C'est impressionnant comment les gens sont gentils ici. Je sais, je radote. Impossible de ne pas le remarquer. Tout le monde (même les passants, là, faut dire qu'un grô à barbe, ils voient pas ça souvent j'imagine) me sourit tout le temps, me souhaite bonne journée («Mo'ning!) ou bonne soirée ('vening!). C'est presque rendu que mon café est déjà prêt quand je rentre au Starbuck's wannabe.

Depuis jeudi dernier, on a changé notre horaire. On travaille maintenant pendant la journée car on rencontre souvent le client et bon, je ne pense pas que ça leur tente bin bin de venir s'amuser avec nous dans le cinéma à 4h du matin (pourtant, on a du fun noir. C'est juste platte qu'ils vident et nettoient tout le temps la machine à fuff corn avant de partir. Ça donne le goût d'en manger car ça sent non-stop le faux beurre). Le changement d'horaire m'a fucké le décalage bien comme il faut. Je n'avais pas eu trop de misère lors de l'arrivée (j'ai dormi 10 heures en ligne et ça s'est placée tout seul). Là, j'ai eu de la misère à pogner le beat (image d'Alex qui dance comme un 2 x 4 en tentant de suivre l'horaire, ça aide à se faire une idée?) en maudit. Plusieurs journées de 3 heures de dodo, même hier, j'ai dormi à peine 6 heures. Là, je finis ce billet puis je vais me coucher même s'il ne sera pas 19h00. Je me fais des White Russians à 275 000$ le verre depuis 15h (J'aime ça faire ma Michelle Blanc et flasher des gros prix). Si si. Ça devrait aider à assommer le bucheron. La vodka a coûté 1,4 million$. Le Kahlua a coûté 900 000$ et la crème, bin la crème a presque rien coûté. Genre 11 000$ ou un truc du genre. Mais elle est grasse à l'os alors ça fait les meilleurs white russians ever. Ça me fait penser: le lait au brunch de l'hôtel est plein gras aussi (si tu veux, y'a du «skim milk» aussi mais ça, c'est pour ceux qui veulent vivre vieux en ayant une vie platte. Enfin). Dieu que c'est bon. Un grand verre à tous les matins derrière la cravate. Ça démarre la journée bien comme il faut en te bouchant les artères adéquatement. Fuck le jus de kiwi. Bof, tsé, on aura toujours le temps de les débloquer une fois à l'hospice.

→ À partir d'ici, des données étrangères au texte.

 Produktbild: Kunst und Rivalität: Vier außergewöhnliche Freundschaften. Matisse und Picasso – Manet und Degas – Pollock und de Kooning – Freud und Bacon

Comme épitaphe: Il fut Alex Lauzon et but son lait bien gras.

En vrac de ce billet en vrac:
- Dans chaque chambre, il y a une balance alors pour le plaisir de la chose, je me pèse à chaque matin. La balance de la 3e chambre que j'ai eu, pour une journée seulement, m'a rétréci de 10 kilos. Je lui ai dit merci pour le compliment. Maudite menteuse. J'ai perdu 1 kilo au maximum. La crème aidera sûrement à le retrouver.

- Ici, le #flushgate, il est juste un peu après la courbe qui mène à une grande terrasse de restaurants. Juste avant d'y arriver, ça sent toujours intensément les égoûts, peu importe le moment de la journée. J'ai tu dis intense? Oui monsieur, intense pour vrai. Au début, on fait «woooohh, ça sent le caca hin.», puis on en revient, c'est quand même pas le Pérou (façon de parler, je sais pas si le Pérou sent fort). Pis là, quand ça fait deux semaines que tu passes 2 fois / jour, tu finis par trouver ça plutôt dégeulasse. Calvince qu'on pue quand même.